Hi All, Looks like you've got a good thing going here. I wasn't really looking for a place to call home, but when came across a comment on WriterofMinds website about your forum, I thought I'd have a look. I spent a few hours yesterday reading posts on topics of interest which impressed me (lots of serious interested members). For anyone interested, particulars about my background, it can be found in my profile, so I won't bore you with that. I suspect, you'd prefer to know more about what I may offer the group in terms of AI and my particular views on AI.
I've been interested in neural net approaches to artificial intelligence since the 1980s after buying my first computer. I ran across a series of articles in AI Magazine describing the perceptron, MLPs, SOMs, ART, and so on. Since then, I watched it go through the AI winter and its resurgence to what it has become today. During the interim, between then and now, I'd periodically check the literature to see what progress had been made. Working and survival made major demands on my time. Somewhere around 2007, I was more or less forced into retirement Suddenly, I had lots and lots of time to do whatever I wanted to do (constrained by the limitations of age - I'm 76 now). I spent the first 5 years catching up on what I will refer to as Brain Science, for no particular discipline suffices for such a pursuit and they all seem to have something to say on the subjects related to brain emulation and artificial intelligence. It wasn't long before I realized that brain science and artificial intelligence were still frontiers and wide open to anyone - heck, you even have economists trying to establish principles.
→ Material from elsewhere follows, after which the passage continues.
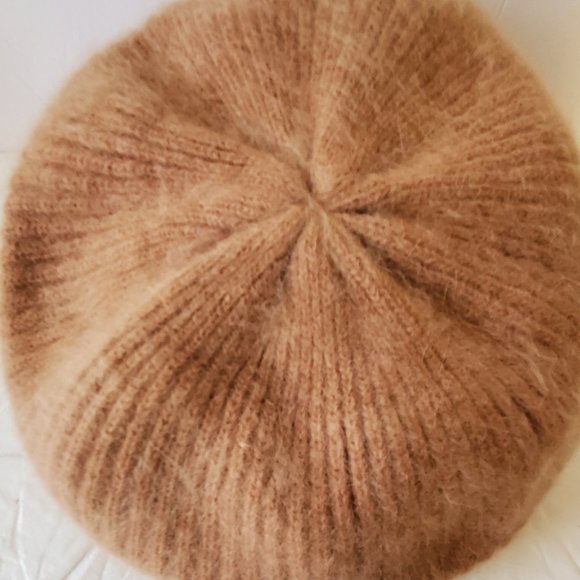 Vintage Tan Lambs Wool Berate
In the beginning, I just thought it would be nice to have an intelligent personal assistant embedded in a computer that could interact with me and do things like search for information on topics of interest. I've always been one who enjoyed pursuing interests by tiptoeing my way through bibliographies. following my nose, to find gems of insight. It wasn't long until I realized that those who preached the mind/body relationship were probably right and that no real general intelligence could be produced without subjective feedback. To me, that meant that intelligence and sentience were interdependent. So, that brought in robotics. Needless to say, the simplistic and naive approach snowballed into a quest that's going to last longer than I am. Still, it fills life with purpose and meaning, and the occasional epiphany is better than any recreational pharmaceutical I've seen - not that I have ever engaged in such pursuits.
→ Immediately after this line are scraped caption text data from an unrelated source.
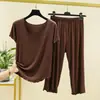 Novo Conjunto de Blusa Modal de Manga Curta + Calça Cropped para Mulheres, Solto e Adequado para Uso ao Ar Livre, Conjunto de Duas Peças com Calça Cropped Casual com Acabamento de Babados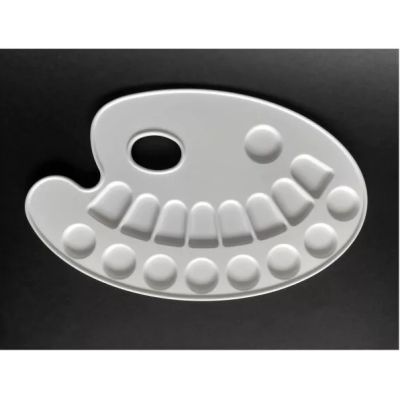 Paleta de pintura branca de plástico com várias cavidades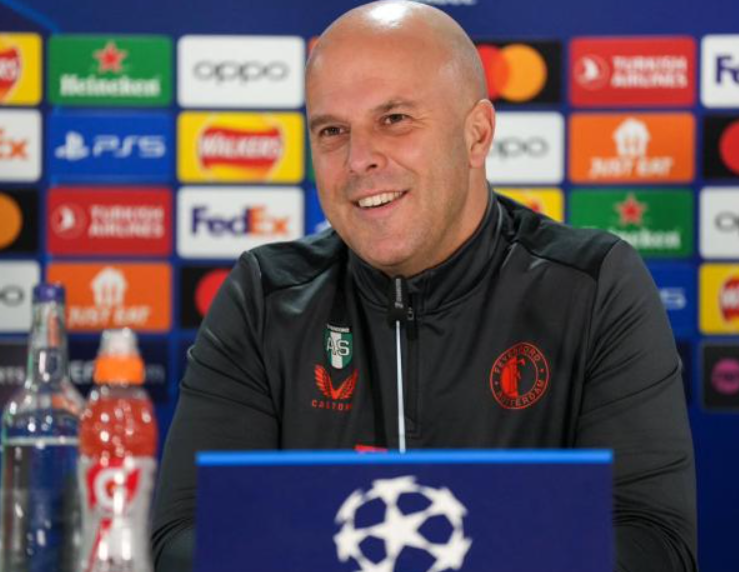 <a href='https://www.www.laijianshen.com/news/tag/1129875.html' style='color: blue;'>英超第9轮</a>利物浦折戟：斯洛特剖析失利根源与阵容隐忧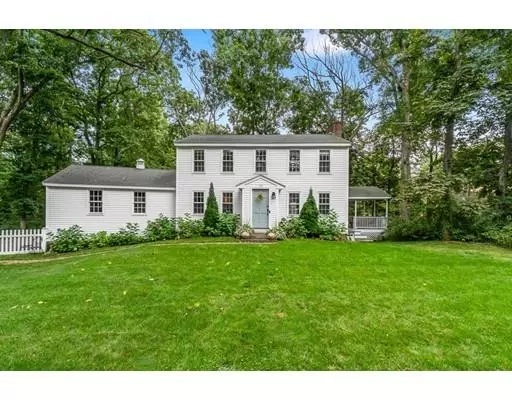 137 Orchard St, Newbury, MA 01922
I won't say that the 5 year focused study was a waste of time, but I wasn't making any sort of progress in my pursuit. That, and a found myself shaking my head far too often in disagreement with what others were claiming. I have what I refer to as an exceptionally refined "exception detector," and it triggers when I perceive alternate interpretations for claims made in theories. You won't find me to be harshly critical, but you will find me offering alternate views on things. As an approach to AI, I see very little future for anything that doesn't conform to what's biological plausible and likely to be found in the brain. I'm not one who subscribes to reproducing biologically constrained architectures based on specific locals (like Brodmann Maps). I stick with fundamentals and ask questions like - "what in the world are all those synaptic connects for?" And then try to find reasons for them, like subnet influences. Or questions like, "why are there so many different kinds of neurotransmitters? Of course, the questions are endless and propagate more questions.
Once upon a time, I was a draftsman and worked in the electronics industry. I tend to think at the hardware level and create designs in schematic formats based on bit flipping and the black-box approach to figuring out how all the inputs/processes/outputs work in the brain. I try to lay it out in accordance with what I would expect in accordance with valid neurological principles and try to think holistically about the over all operation. Last but not least, I've been trying to write it all up in an eBook to leave behind as my legacy. All in all, it's been a thought experiment I've been pursuing for 14 years now. I would need another life time to complete it, but I believe I have made some progress, though some of it deviates from what's popular and fashionable in professional circles.